Sosyolog Max Weber'den Protestanlık ve Kapitalizm Üzerine Sağlam Çıkarımlar
protestan ahlakı ve kapitalizmin ruhu, max weber'in günümüz kapitalist düzeninin ideolojik ve dinsel dinamiklerini açıkladığı bir kitabı.
max weber kapitalizmi anlamlandırmaya çalışırken en temel özelliğinin asla sonlanmayan bir "kazandığını biriktirmek ve mantıklı yatırımlar yaparak daha fazla para kazanmak" arayışı olduğunu fark etmiştir. bu arayışı irrasyonel olarak adlandırmıştır ve çıkış noktasını merak etmiştir. araştırmalarına göre hristiyanlığın bir mezhebi olan protestanlığı benimsemiş toplumlar daha kapitalist toplumlardır. bu şekilde kapitalizmin temellerinin protestanlığa dayandığını öne sürmüştür.

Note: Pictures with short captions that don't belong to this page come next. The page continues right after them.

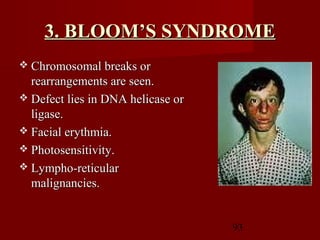 93
3. BLOOM’S SYNDROME3. BLOOM’S SYNDROME
 Chromosomal breaks orChromosomal breaks or
rearrangements are seen.rearrangements are seen.
 Defect lies in DNA helicase orDefect lies in DNA helicase or
ligase.ligase.
 Facial erythmia.Facial erythmia.
 Photosensitivity.Photosensitivity.
 Lympho-reticularLympho-reticular
malignancies.malignancies.
 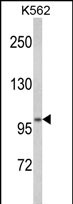 Anti-ATP12A antibody, Internal used in Western blot. GTX81091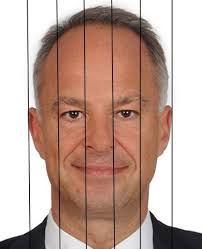 Langzeitergebnisse der Septorhinoplastik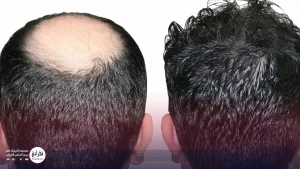 بهترین فصل کاشت مو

protestanlık, aydınlanma hareketleriyle birlikte martin luther'in 16. yüzyıl'da katolik kilisesinin ölçüsüz dominasyonuna başkaldırmasıyla ortaya çıkmış bir hristiyanlık mezhebidir. katoliklik ve protestanlık birçok yönden birbirlerinden ayrılır. katoliklikte insan zekasına güven yoktur. insanlar pasiftir ve cennete gitmek için yapmaları gereken şey kiliseye gidip tanrıya dua etmektir. tanrı ve inanan arasındaki aracı kilisedir, bireyler ancak rahipler aracılığıyla tanrı ile iletişime geçebilirler. bu durum da kiliseye güç verir. fakat aydınlanma hareketleriyle birlikte insan zekasına olan güven ve inanç artmıştır. insan artık zeki, özgür, mantıklı bir canlı olarak görülmektedir. bu dinamikler üzerinden yükselen protestanlık mezhebine göre eğer tanrı insanı bu denli zeki yaratmışsa, onu ancak bu zekamızı pratike ederek yüceltebiliriz ve bu şekilde cennete gideriz. bu nedenle protestanlıkta tanrıya çalışarak, üreterek, para kazanarak, kazandığını harcamadan mantıklı yatırımlarla daha çok para kazanarak, hayatımızı keyfi harcamalardan kaçınarak daha da çok para kazanmaya adayarak ibadet ederiz. protestanlıkta bireyler tanrı ile direkt iletişim halindedir, bu durum kilisenin geçerliliğini ve dominasyonunu azaltır.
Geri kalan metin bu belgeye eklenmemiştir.